Throughout my undergraduate degree, I still got involved in as many opportunities as possible. I went to London on a scholarship programme and worked in Investment Banking and Wealth Management. As my own experiences of life became more difficult, I became more interested in social justice.  I was lucky enough to travel to Washington DC and work as a Legislative Intern in the US House of Representatives through the Washington Ireland Programme. Despite these fantastic experiences, my conditions were worsening and I was in a constant state of anxiety, as I fully believed that all of my hard work over the years wouldn’t matter so long as I was trapped inside this body that attacked itself. I felt isolated, as the people around me clearly couldn’t understand what I was feeling, how could they? I was told over and over and over again – “but you don’t look sick”. When I tried to explain how I was feeling to people, they couldn’t empathise with me because my illnesses were invisible. If only they knew what was really going on inside…

So, after my graduation I took some time out from studying to think about what my options now were. I wasn’t able to follow the plan I had been making for myself since I was a child. I decided that I needed to use my skills to be able to help those in a similar position to me, but who aren’t in a position to use their voice as easily. I enrolled part-time in a Masters in Conflict Transformation and Social Justice. I became more involved in fighting for intersectional social justice issues. I am more passionate than ever before, and wholeheartedly believe this is due to the difficulties I have faced due to my illnesses. In what I first believed was my life and dreams being taken away from me, has actually turned me into an even more hard-working, driven and understanding person.

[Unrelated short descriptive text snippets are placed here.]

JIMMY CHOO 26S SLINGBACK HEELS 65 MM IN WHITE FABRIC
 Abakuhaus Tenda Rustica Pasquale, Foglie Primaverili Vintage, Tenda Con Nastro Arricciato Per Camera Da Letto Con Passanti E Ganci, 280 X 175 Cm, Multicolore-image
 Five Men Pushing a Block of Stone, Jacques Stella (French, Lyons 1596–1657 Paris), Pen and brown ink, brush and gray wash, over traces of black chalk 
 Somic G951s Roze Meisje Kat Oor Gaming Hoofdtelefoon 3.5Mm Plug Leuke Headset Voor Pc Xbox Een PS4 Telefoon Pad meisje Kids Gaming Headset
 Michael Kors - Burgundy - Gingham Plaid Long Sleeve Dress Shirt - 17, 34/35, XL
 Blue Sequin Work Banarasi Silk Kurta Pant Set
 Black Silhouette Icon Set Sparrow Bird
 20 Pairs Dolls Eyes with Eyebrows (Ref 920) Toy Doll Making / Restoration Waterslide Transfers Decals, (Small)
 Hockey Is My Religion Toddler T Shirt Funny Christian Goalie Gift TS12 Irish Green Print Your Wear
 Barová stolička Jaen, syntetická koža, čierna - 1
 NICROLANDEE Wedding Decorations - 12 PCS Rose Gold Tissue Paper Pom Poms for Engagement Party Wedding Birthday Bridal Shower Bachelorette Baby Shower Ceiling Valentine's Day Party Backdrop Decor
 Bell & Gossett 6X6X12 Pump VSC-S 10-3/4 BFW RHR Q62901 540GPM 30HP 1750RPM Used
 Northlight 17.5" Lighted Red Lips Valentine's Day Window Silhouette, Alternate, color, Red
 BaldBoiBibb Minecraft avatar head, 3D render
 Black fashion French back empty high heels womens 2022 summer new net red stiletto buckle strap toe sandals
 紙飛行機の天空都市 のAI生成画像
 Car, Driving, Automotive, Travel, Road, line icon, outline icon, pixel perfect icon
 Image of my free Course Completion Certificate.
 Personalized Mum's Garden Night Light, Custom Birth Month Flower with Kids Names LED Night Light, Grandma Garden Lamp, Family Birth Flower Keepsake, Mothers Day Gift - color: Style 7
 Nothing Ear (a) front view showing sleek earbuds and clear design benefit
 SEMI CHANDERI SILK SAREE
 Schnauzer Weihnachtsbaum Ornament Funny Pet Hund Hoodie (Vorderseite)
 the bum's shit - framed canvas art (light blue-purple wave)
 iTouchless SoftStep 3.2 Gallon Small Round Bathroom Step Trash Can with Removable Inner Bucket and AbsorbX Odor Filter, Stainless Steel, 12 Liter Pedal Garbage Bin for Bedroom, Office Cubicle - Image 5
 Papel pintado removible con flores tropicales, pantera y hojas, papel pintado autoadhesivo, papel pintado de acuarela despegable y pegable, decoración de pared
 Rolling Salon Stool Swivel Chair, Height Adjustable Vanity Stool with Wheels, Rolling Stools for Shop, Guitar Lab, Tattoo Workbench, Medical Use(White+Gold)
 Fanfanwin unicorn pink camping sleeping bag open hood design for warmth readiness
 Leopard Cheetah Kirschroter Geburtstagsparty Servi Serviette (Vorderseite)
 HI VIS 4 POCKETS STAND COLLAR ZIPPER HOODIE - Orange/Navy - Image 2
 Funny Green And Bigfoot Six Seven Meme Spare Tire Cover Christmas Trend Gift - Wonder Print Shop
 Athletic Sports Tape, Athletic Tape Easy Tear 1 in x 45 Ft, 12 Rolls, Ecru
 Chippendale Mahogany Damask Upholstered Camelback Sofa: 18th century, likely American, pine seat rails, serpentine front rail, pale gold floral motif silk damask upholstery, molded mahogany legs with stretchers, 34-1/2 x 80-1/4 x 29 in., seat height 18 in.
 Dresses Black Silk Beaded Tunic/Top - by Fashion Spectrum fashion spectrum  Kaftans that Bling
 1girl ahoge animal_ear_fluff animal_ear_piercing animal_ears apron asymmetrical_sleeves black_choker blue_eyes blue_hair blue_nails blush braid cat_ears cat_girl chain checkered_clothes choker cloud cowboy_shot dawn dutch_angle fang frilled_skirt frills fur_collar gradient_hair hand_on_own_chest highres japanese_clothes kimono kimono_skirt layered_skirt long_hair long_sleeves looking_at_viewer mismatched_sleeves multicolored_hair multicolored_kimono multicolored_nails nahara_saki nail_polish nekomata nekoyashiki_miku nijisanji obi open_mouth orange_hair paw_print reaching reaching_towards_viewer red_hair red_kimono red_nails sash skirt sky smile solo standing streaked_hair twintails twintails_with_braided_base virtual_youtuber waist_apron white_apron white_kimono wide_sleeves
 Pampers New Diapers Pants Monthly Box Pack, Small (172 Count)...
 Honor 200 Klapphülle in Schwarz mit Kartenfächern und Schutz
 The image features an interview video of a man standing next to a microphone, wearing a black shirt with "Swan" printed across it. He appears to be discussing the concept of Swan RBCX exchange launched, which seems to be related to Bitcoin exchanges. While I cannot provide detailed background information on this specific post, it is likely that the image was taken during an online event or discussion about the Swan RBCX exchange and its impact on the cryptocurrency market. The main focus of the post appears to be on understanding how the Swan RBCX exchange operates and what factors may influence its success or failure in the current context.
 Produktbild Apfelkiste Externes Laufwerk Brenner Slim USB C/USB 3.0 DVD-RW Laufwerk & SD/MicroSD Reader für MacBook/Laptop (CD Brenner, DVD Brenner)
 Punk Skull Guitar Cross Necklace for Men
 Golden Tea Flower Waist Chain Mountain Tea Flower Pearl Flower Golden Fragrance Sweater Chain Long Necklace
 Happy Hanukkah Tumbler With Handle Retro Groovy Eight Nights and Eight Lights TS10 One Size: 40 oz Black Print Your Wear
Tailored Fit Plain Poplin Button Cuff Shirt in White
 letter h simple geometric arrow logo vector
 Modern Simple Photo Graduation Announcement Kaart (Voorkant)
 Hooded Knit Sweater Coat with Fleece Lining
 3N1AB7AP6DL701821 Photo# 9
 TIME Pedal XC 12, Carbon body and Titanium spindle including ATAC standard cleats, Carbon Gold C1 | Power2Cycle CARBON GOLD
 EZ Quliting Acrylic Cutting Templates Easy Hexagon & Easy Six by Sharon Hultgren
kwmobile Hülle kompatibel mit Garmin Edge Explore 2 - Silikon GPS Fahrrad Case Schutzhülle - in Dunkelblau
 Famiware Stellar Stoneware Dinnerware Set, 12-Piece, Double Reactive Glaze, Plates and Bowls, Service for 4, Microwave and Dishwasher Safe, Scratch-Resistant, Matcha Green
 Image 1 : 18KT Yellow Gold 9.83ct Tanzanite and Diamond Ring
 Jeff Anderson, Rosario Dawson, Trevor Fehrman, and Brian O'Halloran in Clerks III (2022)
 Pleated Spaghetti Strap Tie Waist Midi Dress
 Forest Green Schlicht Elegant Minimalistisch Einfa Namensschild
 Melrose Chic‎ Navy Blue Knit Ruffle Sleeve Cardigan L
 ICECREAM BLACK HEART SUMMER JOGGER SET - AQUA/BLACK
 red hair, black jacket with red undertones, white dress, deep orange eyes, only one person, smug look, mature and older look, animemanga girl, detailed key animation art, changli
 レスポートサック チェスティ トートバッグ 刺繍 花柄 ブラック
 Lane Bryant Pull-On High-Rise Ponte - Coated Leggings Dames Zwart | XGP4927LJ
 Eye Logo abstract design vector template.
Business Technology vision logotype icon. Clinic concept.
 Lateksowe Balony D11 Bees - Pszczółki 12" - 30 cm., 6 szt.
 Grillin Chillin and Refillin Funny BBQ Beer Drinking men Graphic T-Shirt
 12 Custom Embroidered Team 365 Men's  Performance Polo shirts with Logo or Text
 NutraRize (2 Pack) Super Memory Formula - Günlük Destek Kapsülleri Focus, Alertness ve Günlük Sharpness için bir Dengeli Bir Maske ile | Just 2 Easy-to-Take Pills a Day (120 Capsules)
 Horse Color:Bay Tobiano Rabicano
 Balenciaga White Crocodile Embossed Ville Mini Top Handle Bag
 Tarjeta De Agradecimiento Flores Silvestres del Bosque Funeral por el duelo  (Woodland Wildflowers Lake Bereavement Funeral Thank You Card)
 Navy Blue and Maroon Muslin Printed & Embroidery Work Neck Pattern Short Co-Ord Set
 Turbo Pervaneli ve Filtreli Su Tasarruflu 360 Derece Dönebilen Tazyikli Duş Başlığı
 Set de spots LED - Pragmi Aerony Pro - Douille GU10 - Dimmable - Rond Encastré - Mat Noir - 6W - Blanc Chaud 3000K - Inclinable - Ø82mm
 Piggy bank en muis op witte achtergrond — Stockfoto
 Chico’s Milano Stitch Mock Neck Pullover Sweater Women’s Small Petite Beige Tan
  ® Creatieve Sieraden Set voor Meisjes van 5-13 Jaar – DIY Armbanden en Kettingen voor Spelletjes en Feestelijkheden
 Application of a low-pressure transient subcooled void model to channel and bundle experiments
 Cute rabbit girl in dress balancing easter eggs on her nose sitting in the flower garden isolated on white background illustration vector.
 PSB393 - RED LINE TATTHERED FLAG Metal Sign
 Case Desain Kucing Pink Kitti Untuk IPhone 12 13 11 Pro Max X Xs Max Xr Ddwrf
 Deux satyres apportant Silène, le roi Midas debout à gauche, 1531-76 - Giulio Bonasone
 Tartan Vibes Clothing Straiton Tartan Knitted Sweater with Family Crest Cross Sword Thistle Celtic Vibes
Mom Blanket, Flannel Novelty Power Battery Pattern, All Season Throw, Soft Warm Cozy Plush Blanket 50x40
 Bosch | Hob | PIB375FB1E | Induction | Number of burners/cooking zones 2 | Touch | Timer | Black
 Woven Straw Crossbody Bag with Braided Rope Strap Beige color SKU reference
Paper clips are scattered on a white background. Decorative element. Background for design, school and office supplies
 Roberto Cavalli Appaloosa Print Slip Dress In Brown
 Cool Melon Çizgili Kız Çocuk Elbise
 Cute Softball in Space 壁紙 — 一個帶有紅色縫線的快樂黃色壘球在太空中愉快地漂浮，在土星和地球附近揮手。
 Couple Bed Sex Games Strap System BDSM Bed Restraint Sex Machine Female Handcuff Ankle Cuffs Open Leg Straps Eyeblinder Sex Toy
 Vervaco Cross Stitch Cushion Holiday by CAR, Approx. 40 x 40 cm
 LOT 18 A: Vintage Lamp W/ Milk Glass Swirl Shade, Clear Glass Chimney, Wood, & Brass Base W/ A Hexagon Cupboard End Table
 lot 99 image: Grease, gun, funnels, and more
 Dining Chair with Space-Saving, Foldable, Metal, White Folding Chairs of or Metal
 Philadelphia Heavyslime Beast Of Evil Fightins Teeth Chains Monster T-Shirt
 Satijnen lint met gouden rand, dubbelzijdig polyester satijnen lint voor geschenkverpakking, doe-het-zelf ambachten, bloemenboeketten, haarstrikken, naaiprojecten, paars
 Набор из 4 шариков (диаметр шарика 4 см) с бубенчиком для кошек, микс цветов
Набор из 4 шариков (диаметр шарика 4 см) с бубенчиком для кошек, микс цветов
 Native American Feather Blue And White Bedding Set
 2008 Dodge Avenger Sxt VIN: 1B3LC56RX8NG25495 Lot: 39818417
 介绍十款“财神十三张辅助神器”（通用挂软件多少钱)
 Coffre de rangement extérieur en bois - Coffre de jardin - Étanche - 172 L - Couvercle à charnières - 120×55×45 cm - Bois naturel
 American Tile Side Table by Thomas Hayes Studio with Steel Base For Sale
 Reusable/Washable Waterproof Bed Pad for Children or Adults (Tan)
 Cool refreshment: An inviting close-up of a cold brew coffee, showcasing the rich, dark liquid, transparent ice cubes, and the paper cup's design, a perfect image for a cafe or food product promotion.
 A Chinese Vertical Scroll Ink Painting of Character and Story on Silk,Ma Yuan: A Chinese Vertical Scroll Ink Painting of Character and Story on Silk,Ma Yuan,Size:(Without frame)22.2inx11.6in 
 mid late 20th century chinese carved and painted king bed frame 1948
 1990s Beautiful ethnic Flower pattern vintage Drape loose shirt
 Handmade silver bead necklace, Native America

Although I am still battling with side-effects of intense medical treatments, stigma in society that exists for people with disabilities and a government that believes they can keep cutting away at our right to a quality life, I am stronger now than I have ever been. I have disabled the label on myself and I can still achieve the things I have always hoped for, I am just more realistic in what my limitations are through my disabilities. Instead of thinking “I’m disabled and I can’t do that”, I now fight to make all opportunities accessible and equal instead for all people with disabilities. I will not stop fighting to #DisabletheLabel until people with disabilities are made to feel like equal members of society, because we are no less valuable. Our labels don’t determine our worth.